I'm going to assume that -- unlike the headline writer -- the author of this piece, Kelefa Sanneh, knew that he did "get away" with something.

(Political information not included in this article: It was specifically Al Gore's wife Tipper -- not some red state prude -- who flipped out at "Darling Nikki" and ignited that national debate about sexy song lyrics.)

Here's one of my TV photos to refresh your recollection of the subtlety/blatancy of the tiny genius's imagery:


This isn't just a chance image. The whole time the sheet was up, the shadow looked phallic and was moved about into various different phallic positions. I thought it was obvious that Prince had his eye on the silhouette and was playing a shadow game:


It looks like the main MSM story that threw a spotlight on Prince's japery was Jake Coyle's AP piece "Prince's Halftime Imagery Questioned":
A number of bloggers have decried [sic] "Malfunction!" - including Sam Anderson at New York magazine's Daily Intelligencer. Daily News television critic David Bianculli called it "a rude-looking shadow show" that "looked embarrassingly rude, crude and unfortunately placed."

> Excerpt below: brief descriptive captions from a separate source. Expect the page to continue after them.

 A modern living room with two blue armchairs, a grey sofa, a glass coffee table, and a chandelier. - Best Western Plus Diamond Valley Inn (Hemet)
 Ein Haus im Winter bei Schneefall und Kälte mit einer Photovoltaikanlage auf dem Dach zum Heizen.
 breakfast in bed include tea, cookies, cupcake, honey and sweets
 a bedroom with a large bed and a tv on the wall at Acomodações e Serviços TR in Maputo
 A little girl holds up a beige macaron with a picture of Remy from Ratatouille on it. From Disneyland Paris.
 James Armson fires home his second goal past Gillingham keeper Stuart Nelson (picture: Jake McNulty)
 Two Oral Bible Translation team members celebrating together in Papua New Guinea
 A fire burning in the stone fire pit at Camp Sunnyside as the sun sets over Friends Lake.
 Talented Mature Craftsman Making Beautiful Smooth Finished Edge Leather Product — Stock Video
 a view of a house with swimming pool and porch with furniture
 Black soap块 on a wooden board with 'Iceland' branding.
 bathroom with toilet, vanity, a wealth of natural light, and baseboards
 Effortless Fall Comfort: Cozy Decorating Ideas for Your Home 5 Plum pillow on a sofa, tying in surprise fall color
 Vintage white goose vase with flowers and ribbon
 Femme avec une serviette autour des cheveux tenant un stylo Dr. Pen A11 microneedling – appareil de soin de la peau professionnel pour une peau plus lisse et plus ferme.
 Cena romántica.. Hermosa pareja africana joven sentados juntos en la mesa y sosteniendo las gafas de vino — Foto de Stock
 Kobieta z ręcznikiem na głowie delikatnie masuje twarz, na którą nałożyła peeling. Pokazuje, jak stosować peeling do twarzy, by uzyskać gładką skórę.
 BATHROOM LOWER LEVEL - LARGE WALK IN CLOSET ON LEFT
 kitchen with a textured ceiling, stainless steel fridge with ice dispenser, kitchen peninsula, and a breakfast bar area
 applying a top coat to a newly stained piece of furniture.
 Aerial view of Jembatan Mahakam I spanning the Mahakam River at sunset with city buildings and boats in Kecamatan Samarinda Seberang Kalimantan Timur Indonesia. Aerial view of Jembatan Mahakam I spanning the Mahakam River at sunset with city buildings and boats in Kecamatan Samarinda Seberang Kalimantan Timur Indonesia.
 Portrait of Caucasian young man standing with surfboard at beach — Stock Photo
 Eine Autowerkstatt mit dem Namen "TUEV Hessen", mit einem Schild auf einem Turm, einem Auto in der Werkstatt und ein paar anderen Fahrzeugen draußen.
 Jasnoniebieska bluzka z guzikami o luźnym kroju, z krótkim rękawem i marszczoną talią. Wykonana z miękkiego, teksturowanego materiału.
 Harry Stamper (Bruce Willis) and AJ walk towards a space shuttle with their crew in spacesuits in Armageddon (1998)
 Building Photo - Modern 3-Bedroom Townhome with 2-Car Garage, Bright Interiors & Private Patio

CBS spokesman Dana McClintock said Tuesday that the network has received "very few" complaints on Prince's performance. CBS last aired the Super Bowl in 2004 when Janet Jackson and Justin Timberlake's "wardrobe malfunction" sparked criticism and a subsequent crackdown on broadcast decency from the Federal Communications Commission.

But this time, it was the NFL that produced the halftime show (MTV had in 2004). Spokesman Greg Aiello said the league has received no complaints.
That was what was so brilliant about it. The kind of people who would get upset and complain couldn't see it or might perhaps think they see it but fear the embarrassment of being told that they are the one with the dirty mind.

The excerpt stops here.